Like many naturalists, Lear described the natural world not just in literal-minded scientific detail, but also in fanciful doodles and verse. And when this blossomed into books for children, he often shipped his characters out, like naturalists, on wild explorations to the back of beyond. He also had them devote considerable energy to collecting the oddities of the country:
And they bought a Pig, and some green Jack-daws,
And a lovely Monkey with lollipop paws,
And forty bottles of Ring-Bo-Ree,
And no end of Stilton Cheese.
Beatrix Potter, best known for The Tale Peter Rabbit, also entertained early ambitions to be a serious naturalist. Mushrooms were her specialty, and at age 31 she submitted a handsomely illustrated paper On the Germination of the Spores of the Agaricineae to the Linnean Society, the same venue where Darwin and Wallace’s theory of evolution by natural selection had first appeared 40 years earlier. Potter’s paper was accepted, but as a woman, she was not allowed to present the paper herself, or even attend the reading. Unsurprisingly, she turned to children’s books instead. (Her books have since sold more than 250 million copies, while the men who excluded her have been largely forgotten.)
The nineteenth-century fascination with nonsense was largely a byproduct of the heyday of natural history. It wasn’t just that European naturalists of that era were swarming over the world their nations had colonized. A passion for identifying mosses, ferns, and even limpets had also seized the imaginations of the rising middle class at home.

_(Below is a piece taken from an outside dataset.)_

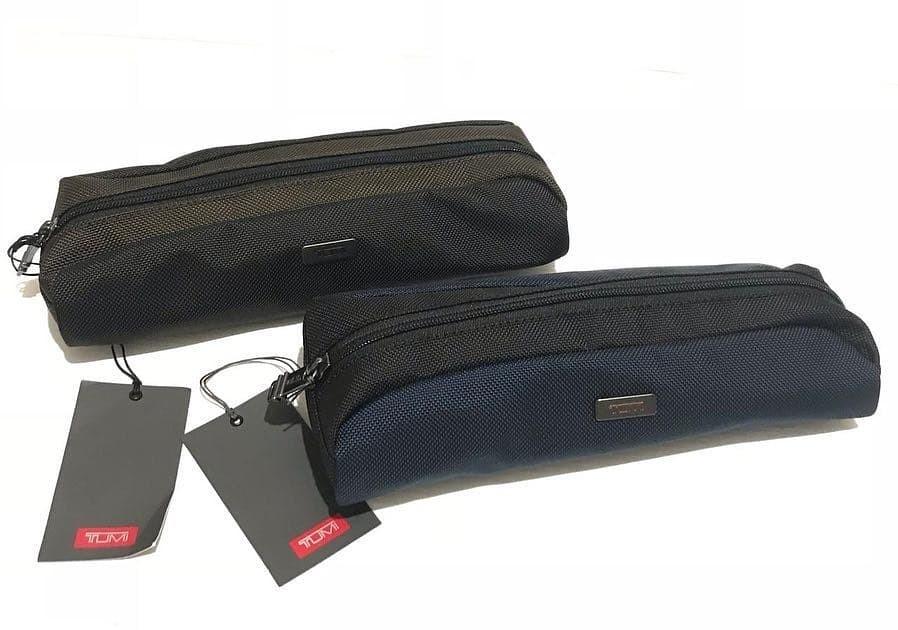 TUMI cord pouch 25x9x5 blue and brown Barang Mewah Tas Dompet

The twin themes of exploration and taxonomy, the French scholar Jean-Jacques Lecercle wrotes, in his 1994 book Philosophy of Nonsense, were “present in the genre as a whole, even in Lewis Carroll, who had no special interest in the subject. The reader of Alice’s Adventures in Wonderland is in the position of an explorer: the landscape is strikingly new … and a new species is encountered at every turn, each more exotic than the one before. Nonsense is full of fabulous beasts, mock turtles and garrulous eggs.”

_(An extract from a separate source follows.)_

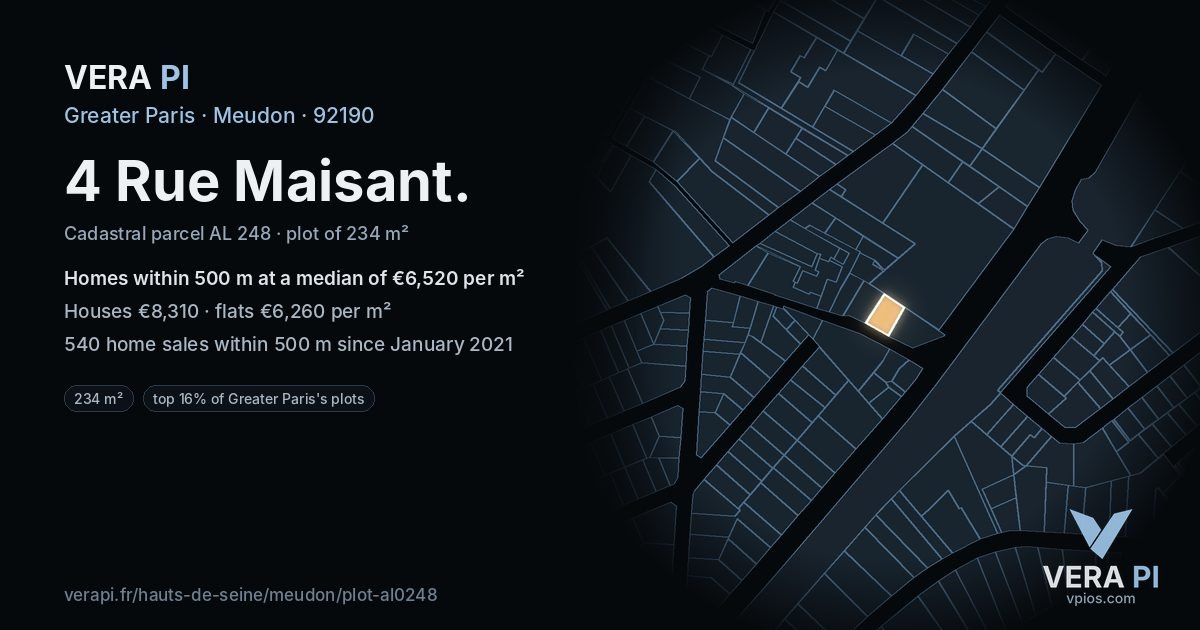 4 Rue Maisant, Meudon at night – the plot lit, the parcels around coloured by the prices near them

Such fanciful creatures sometimes turned up even in serious scientific work. In his History of British Star-fishes, and other animals of the class Echinodermata, for instance, the naturalist Edward Forbes began one chapter with an illustration of Cupid in a sea-going chariot drawn by a pair of sea creatures with bodies like snakes and heads like sea urchins (they were Ophiuridae). Another chapter ends with Puck playing his pipe for a couple of dancing brittle-stars, one of which actually rests the back of a “hand” against out-thrust “hip.” Elsewhere, he drew a stingray smoking a pipe and winking.

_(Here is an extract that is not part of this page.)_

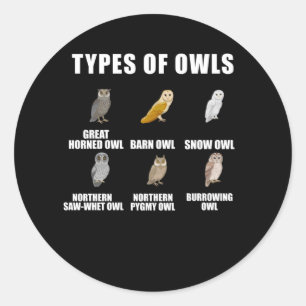 Uggla Types Snö Barn Fågelskådning Love birds Runt Klistermärke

In Lecercle’s view, Charles Darwin himself could sound as whimsical as Lewis Carroll; for instance, when he wrote about pulling the tail of a lizard in the Galapagos: “At this he was greatly astonished, and soon shuffled up to see what was the matter; and then stared me in the face, as much as to say, ‘What made you pull my tail?’” Likewise, in Patagonia, Darwin and his companions communed with the camel-like guanacos: “That they are curious is certain; for if a person lies on the ground, and plays strange antics, such as throwing his feet up in the air, they will always approach by degrees to reconnoitre him.” Darwin was only 23 at the time, not the gloomy eminence of later years, but Lecercle likes the idea “that the famous scientist should behave like Lear’s ‘Old Man of Port Grigor’, who ‘Stood on his head till his waistcoat turned red.’ ”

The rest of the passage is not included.